I am also helping my father who brings a Shakespeare company called ITCL (that is their name in Asia) every year to tour around Japan. This year they will perform Romeo and Juliet in May and next year will be Midsummer Night’s Dream.

I also started training in Noh Theater. To me that is interesting because in the west we were able to preserve painting and sculptures for hundreds of years, but the performing arts in a way died with their performers. What I mean by that is that a contemporary painter or sculptor can go see the Mona Lisa or Michelangelo’s David and draw from that history, but a contemporary actor cannot go see the original production of Hamlet.
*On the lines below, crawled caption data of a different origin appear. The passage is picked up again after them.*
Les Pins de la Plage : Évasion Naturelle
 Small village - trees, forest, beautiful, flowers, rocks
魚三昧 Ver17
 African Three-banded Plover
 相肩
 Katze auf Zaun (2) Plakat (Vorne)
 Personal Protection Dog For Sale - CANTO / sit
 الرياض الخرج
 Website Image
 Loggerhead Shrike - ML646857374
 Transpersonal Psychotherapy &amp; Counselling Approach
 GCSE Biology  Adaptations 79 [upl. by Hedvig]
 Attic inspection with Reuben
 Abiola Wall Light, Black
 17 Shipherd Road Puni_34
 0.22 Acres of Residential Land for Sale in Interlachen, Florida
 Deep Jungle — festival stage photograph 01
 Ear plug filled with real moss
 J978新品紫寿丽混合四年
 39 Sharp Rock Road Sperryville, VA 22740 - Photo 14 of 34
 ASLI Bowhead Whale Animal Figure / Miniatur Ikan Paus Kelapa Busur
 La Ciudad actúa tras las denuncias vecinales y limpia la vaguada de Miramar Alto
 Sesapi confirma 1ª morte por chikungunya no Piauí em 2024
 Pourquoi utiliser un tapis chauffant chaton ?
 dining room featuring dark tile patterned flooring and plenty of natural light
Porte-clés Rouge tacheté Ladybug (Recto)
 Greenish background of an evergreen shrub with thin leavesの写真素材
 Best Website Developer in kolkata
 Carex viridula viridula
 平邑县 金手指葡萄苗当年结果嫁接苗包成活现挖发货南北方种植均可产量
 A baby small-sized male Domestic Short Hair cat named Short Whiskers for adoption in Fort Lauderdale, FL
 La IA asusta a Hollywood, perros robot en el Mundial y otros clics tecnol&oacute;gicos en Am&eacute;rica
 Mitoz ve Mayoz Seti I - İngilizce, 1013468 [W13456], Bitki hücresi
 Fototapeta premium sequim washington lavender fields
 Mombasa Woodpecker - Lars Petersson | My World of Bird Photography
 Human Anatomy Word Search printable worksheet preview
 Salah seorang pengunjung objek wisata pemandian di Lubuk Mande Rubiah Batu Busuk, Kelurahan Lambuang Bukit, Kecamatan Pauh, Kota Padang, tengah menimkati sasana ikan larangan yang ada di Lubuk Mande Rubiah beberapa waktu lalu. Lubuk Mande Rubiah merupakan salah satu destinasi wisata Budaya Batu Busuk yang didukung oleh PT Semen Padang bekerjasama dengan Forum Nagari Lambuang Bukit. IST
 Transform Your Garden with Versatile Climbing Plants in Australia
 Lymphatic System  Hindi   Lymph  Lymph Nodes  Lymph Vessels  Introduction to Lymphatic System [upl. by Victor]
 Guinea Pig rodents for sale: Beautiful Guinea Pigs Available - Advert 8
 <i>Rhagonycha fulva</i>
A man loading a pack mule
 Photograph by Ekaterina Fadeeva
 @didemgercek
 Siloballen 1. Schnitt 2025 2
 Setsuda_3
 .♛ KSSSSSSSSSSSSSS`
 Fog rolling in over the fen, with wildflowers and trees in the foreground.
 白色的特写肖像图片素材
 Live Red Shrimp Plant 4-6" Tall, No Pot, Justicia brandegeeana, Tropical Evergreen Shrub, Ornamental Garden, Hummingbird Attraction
Noh has been passed on generation to generation in detail for almost 700 years, it is much older than Kabuki, and it has been preserved, making art history available for people today.

Unfortunately I cannot tell you about anything I am auditioning for because it requires confidentiality.

As for ambitions there are many. I have been self-taping (I record the audition at home with my phone) for TV series in São Paulo, so part of me wants to go there.

I have a Bachelor’s in Film, so I also want to start producing my own films, not just plays. I am also a Spanish national because of my mother, so I also want to work with European artists at some point. And I do not really understand what is going on with Brexit, but I would also love to do a play in London someday.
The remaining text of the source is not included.